The price of semiconductors, which has weighed down industries producing anything from PCs to cars to light bulbs, is finally showing signs of easing. The inSpectrum Tech PC DRAM contract price is at half of its July 2018 peak and down 14% from the same time last year, according to Bloomberg data.
Meanwhile, the spot rate for shipping containers, which is used as an indicator for future prices, has declined 26% since its September 2021 all-time high.
And finally, the price of fertilizer, which has soared since Russia invaded Ukraine on Feb. 24, is 24% below its record high in March.
Beyond these metrics, analysts are also expecting the consumer price index (CPI) inflation data for May coming in on Friday to moderate.
Easing shortages and moderating consumer prices offer “hope that we have indeed passed the peak in inflation,” James Knightley, chief international economist at ING, told the Financial Times.
The price of chips is going down as a result of the semiconductor chip shortage easing across different industries.
In the smartphone and personal computer industries, semiconductor shortages are likely to ease significantly in the second half of 2022 despite China lockdowns, industry analysis firm Counterpoint Research’s latest smartphone Component Tracker Report said, indicating demand-supply gaps are decreasing across most components.
The auto industry has also said the semiconductor chip shortage is finally receding. Mercedes-Benz, Daimler, and BMW have all said they are getting the high-tech components to produce at full capacity after months of crippling outages.
“We’re still monitoring it week to week, but up to now basically worldwide, we had no issues running production,” Joerg Burzer, Mercedes’s head of production and supply-chain management, told Bloomberg. He added that while supply issues still occur “here and there,” it is “nothing compared to what it was like last year.”
In shipping, the Drewry Shipping Index has decreased marginally each month since September 2021. Last week, Drewry’s World Container Index fell by 0.1% to $7,625.56 per 40-foot container. While still 18% higher than the same week in 2021, it is a long fall from the $10,400 prices seen in September 2021.

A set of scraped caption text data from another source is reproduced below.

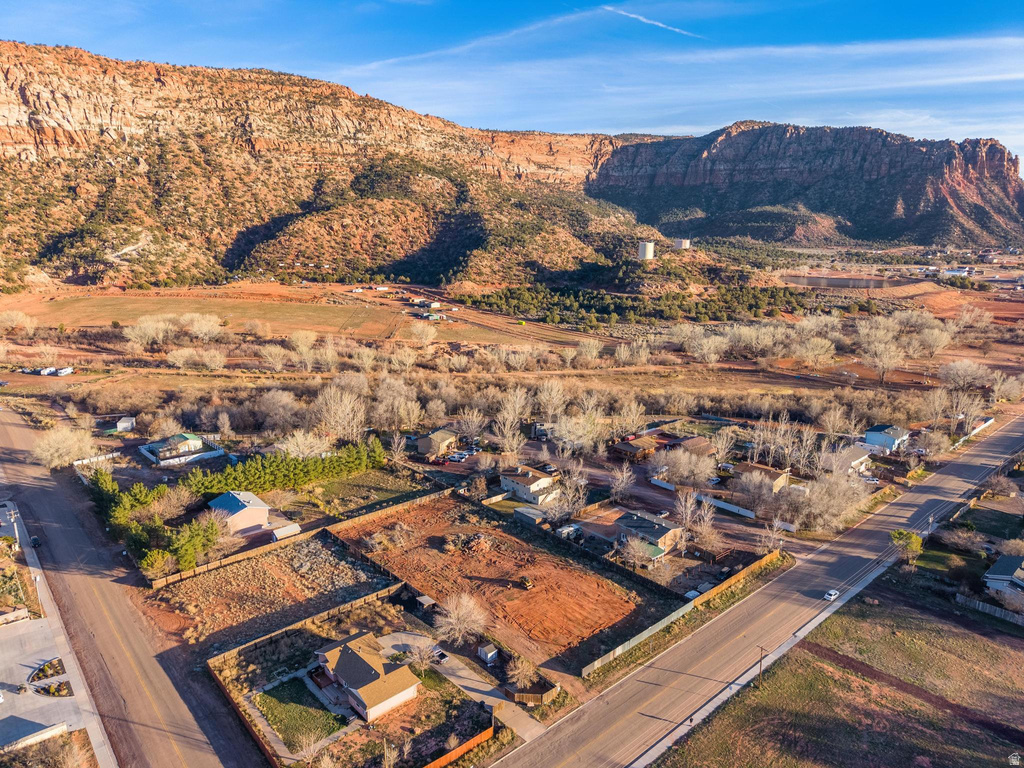 760 N HILDALE ST Hildale, UT 84784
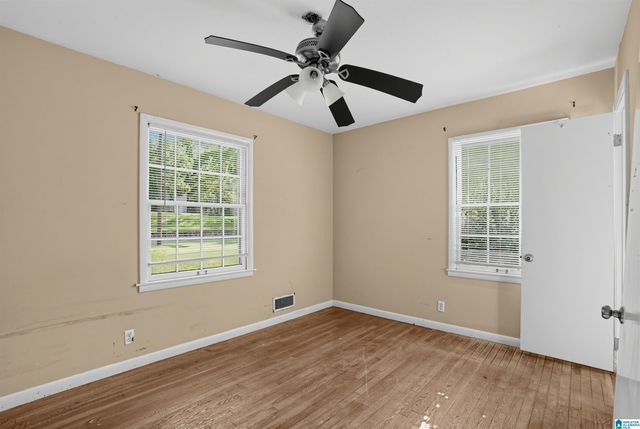212 RED OAK ROAD, Birmingham, AL 35206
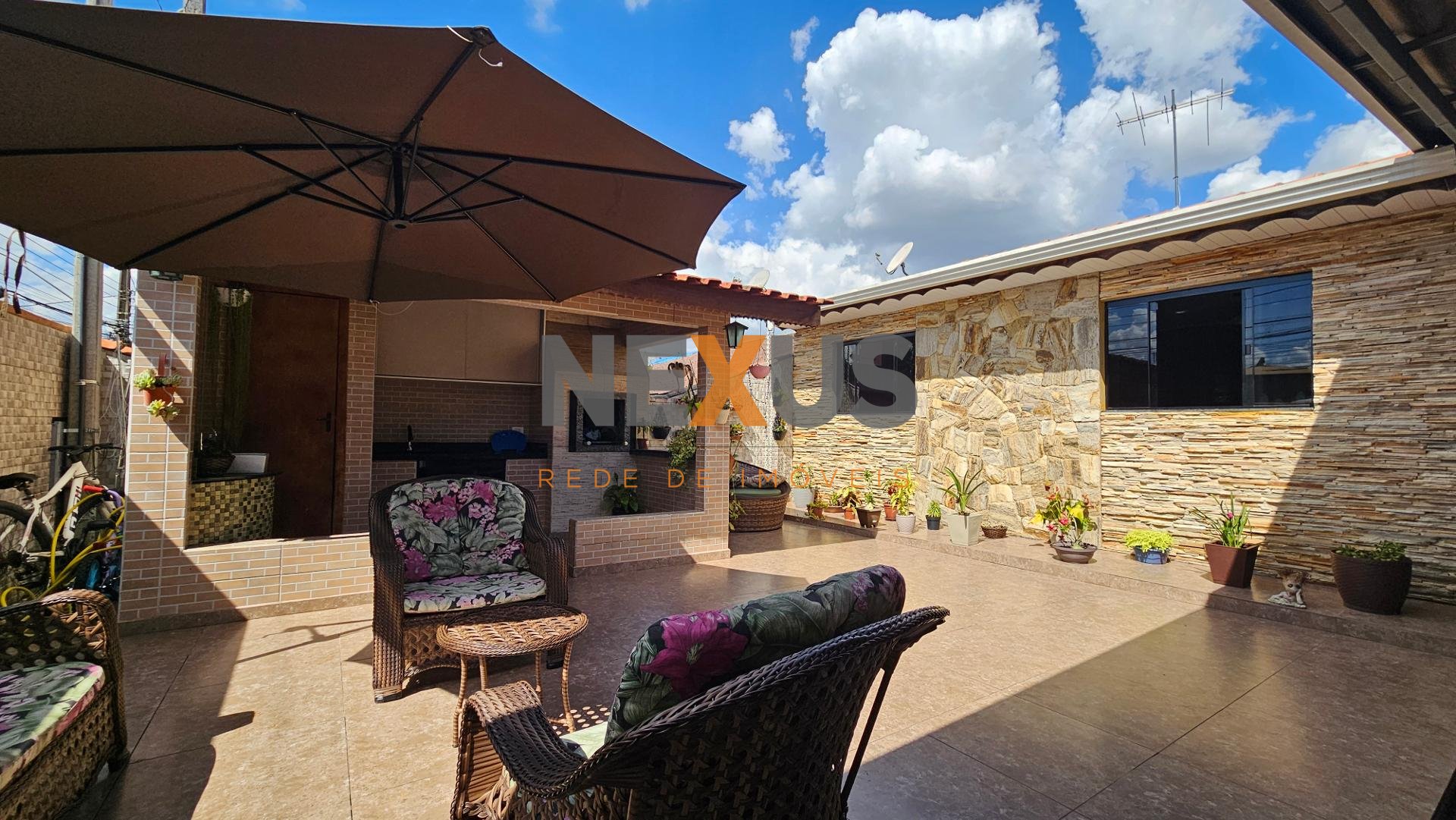 Ótima casa com 82m , 03 dormitórios, Capela Velha, Araucária-PR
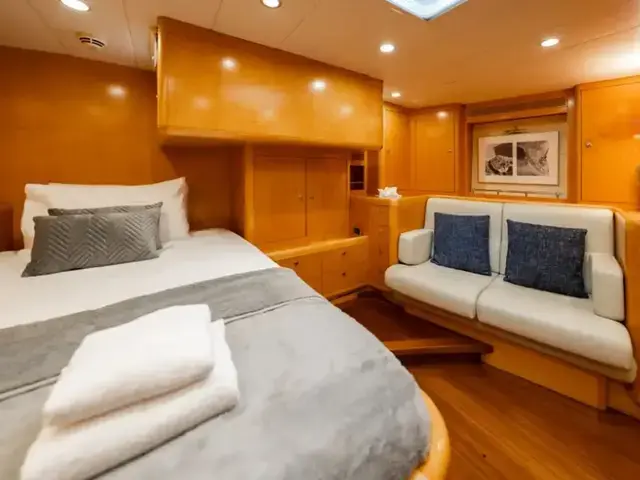 DEVONPORT YACHTS Thomas Custom 67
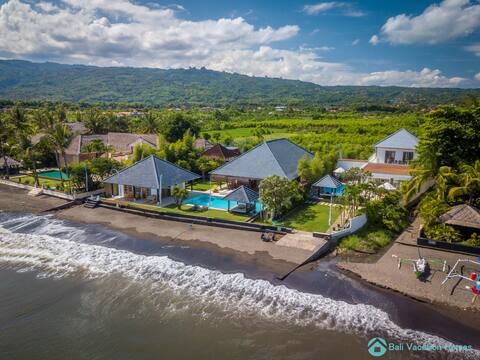 5* Lovina Beachfront Villa 20P, for big groups!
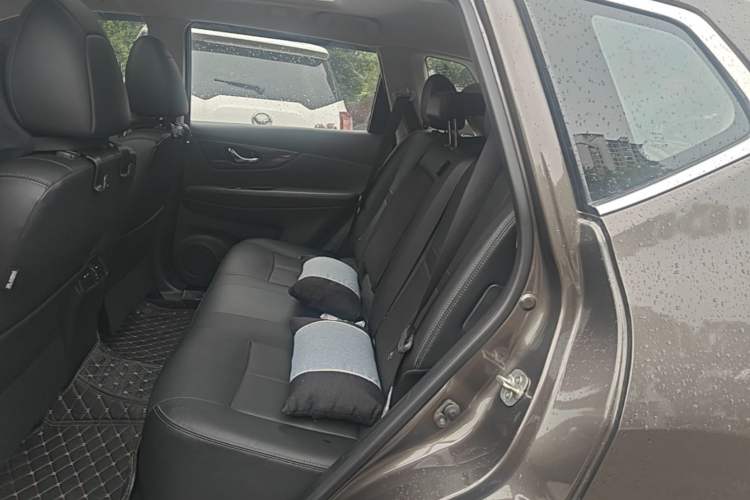 Used Nissan X-Trail 2017 2.0L CVT Comfort Edition 2WD Left Rear Seat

In its latest note on Jun. 2 the pricing tracker noted: “Drewry expects index to decrease slowly in the next few weeks.”
Lastly, fertilizer prices have plunged following demand destruction as buyers reel from the soaring prices. The June spot price in Tampa for the nitrogen fertilizer ammonia came in at $1,000 per metric ton—a 30% drop from May’s $1,425 per metric ton, according to Green Markets, Bloomberg’s fertilizer price tracking company.
Green Markets’ North America fertilizer price index shows prices falling from $1,269 in early April, down to $885 this week. The price of fertilizer impacts the price of global food supply, which was up by around 80% in April compared to the same period two years ago, according to the World Bank’s Food Commodity Price Index.
“While inflation in some parts of the world are yet to peak, there are at least some signs emerging that we may not be too far off in terms of a turning point at which we start to see the annual inflation rate start to head lower,” Khoon Goh, Singapore-based head of Asia research at Australia & New Zealand Banking Group, told Bloomberg.